I'm also worried by the really high debt levels, as low interest rates during 7 years and a massive government debt issue have created a debt bubble. Some countries like China has increased its debt to a 200% of its GDP, USA have a higher than a 100% of its GDP debt levels, but what worries me is that some other economies are in similar levels and are not as strong as China or the US. Corporate debt has been also increased and I think that's only a matter of time that the bubble burst.
I think that a catalyst can be a burst in the oil sector debt, as it has become really high and many companies are going to default as I expect oil prices to remain low during this year. So at those levels there are really few companies able to resist as can be seen in the ROIC-WACC.
As a conclusion, I expect lower international trade, higher volatility and a decline in stocks markets (more than we have seen until now) due to the black clouds that are stalking the global economy.

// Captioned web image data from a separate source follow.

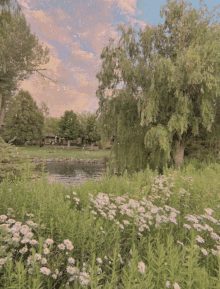 a lush green field with flowers and trees surrounding a body of water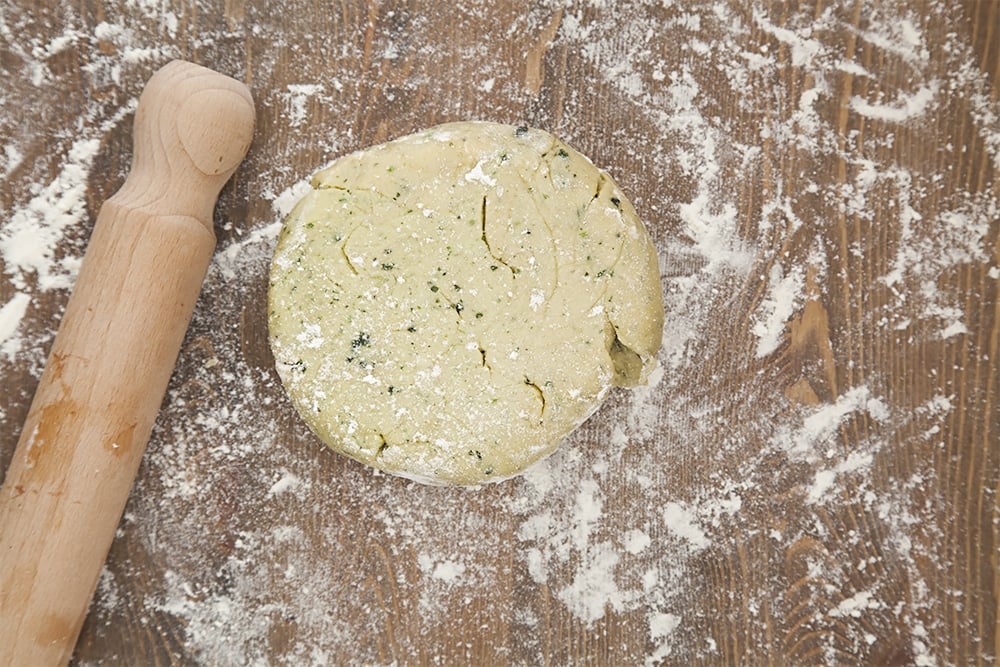 Rolling out the basil infused pastry to create the pie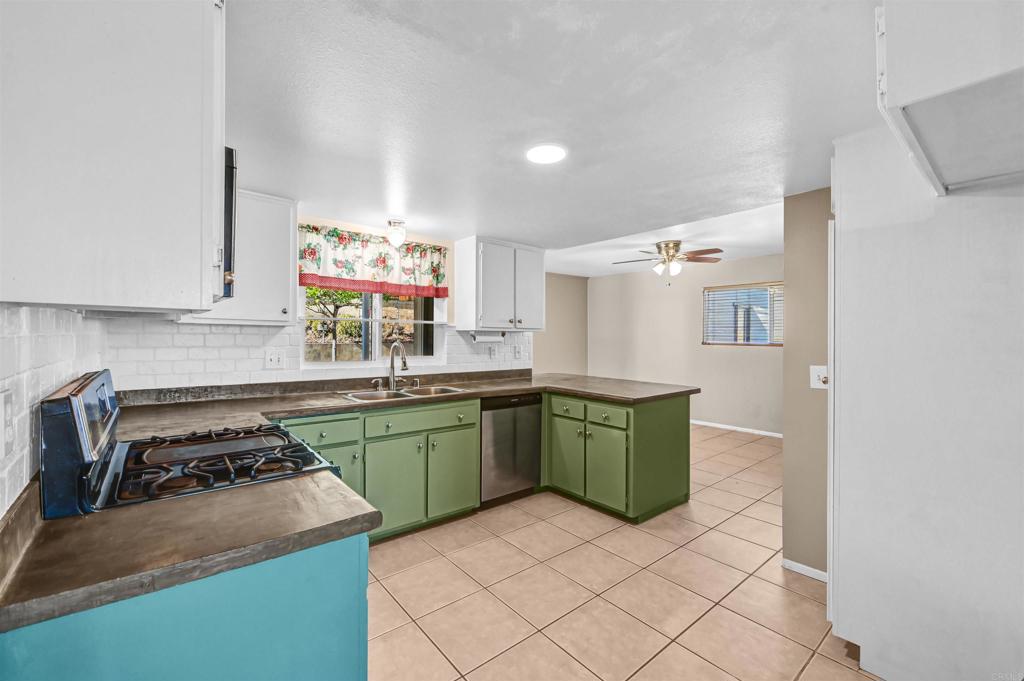 735 South Upas Street Escondido, CA 92025 - Photo 6 of 28 a kitchen with a stove a sink and a refrigerator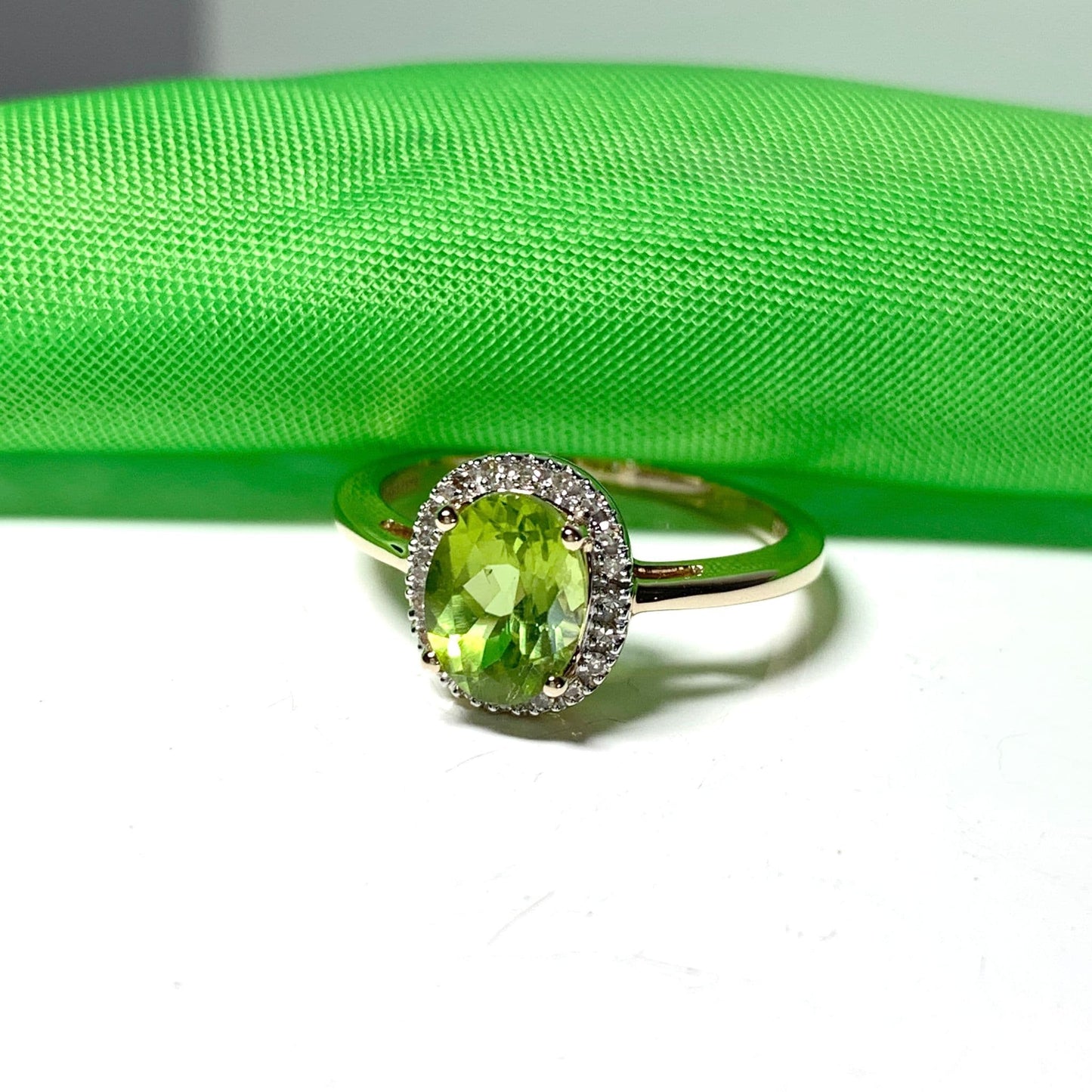 Peridot and diamond yellow gold oval cluster ring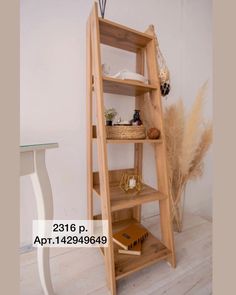 a wooden shelf sitting on top of a hard wood floor next to a white table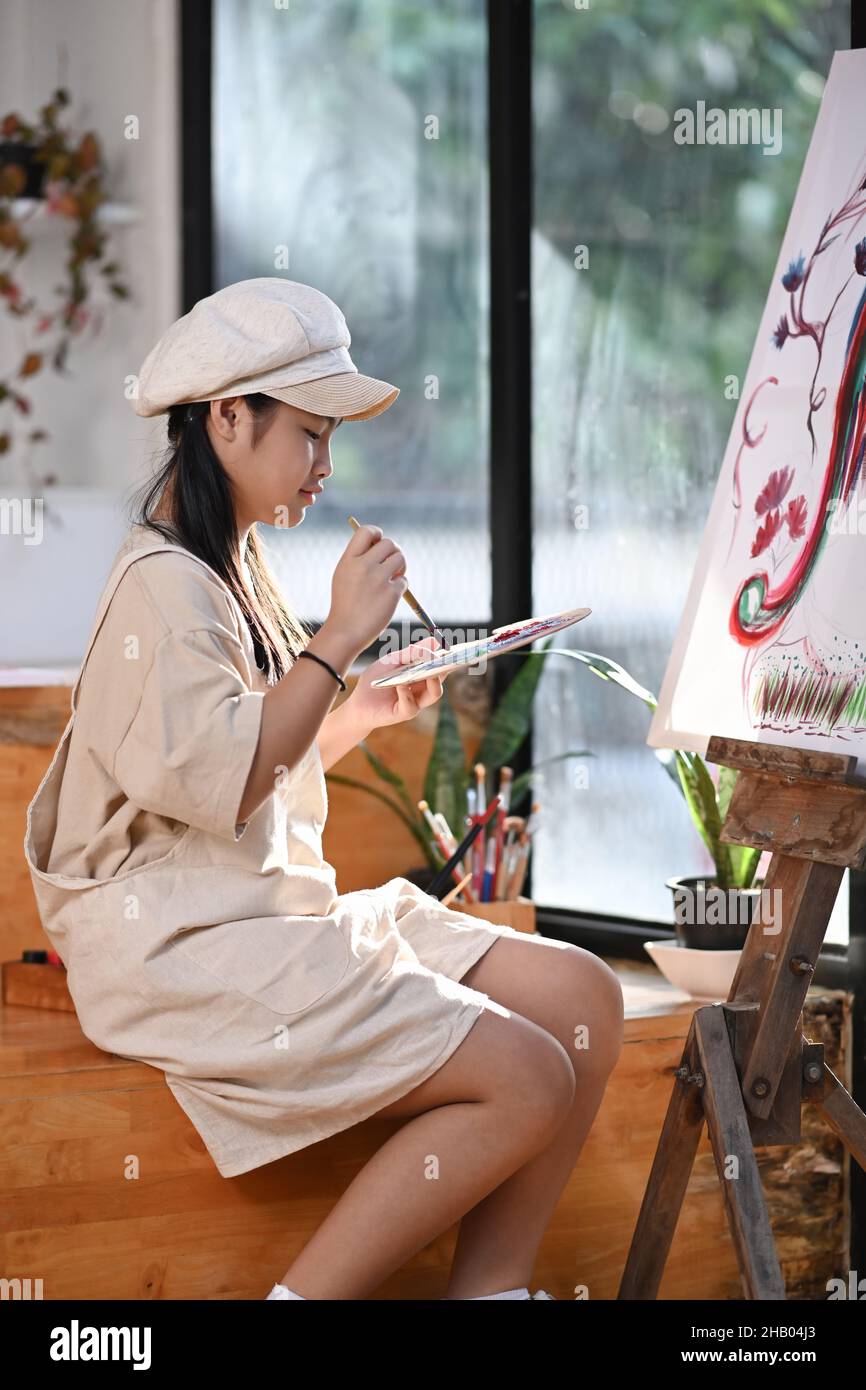 Smiling asian girl painting on canvas in art workshop Stock Photo - Alamy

We can see that dividends cuts are near to 2009 and higher than 2008 levels and I expect those cuts to keep going on, specially in the oil industry, what's going to reduce stocks attractiveness.
I'm also really worried about the fact that central banks have lost its ability to mitigate a new crisis, as interest rates are near to zero and QE programs are being conducted right now in many countries.
With all that, I'm not saying that we're going to enter into a new recession, but probabilities are higher than last year and if that happens it would be worst than in 2008. On the other hand, despite recent falls, I expect stocks to fall near to a 10% more during this year if the thing doesn't become better and even more if more concerns appear. At those levels I think that it will be a good idea to pick some high quality stocks and wait.
The global economy is like a ship drifting without a captain due to the lack of an economic leader like China and the US has been in the past.
Disclosure: I/we have no positions in any stocks mentioned, and no plans to initiate any positions within the next 72 hours.
I wrote this article myself, and it expresses my own opinions. I am not receiving compensation for it. I have no business relationship with any company whose stock is mentioned in this article.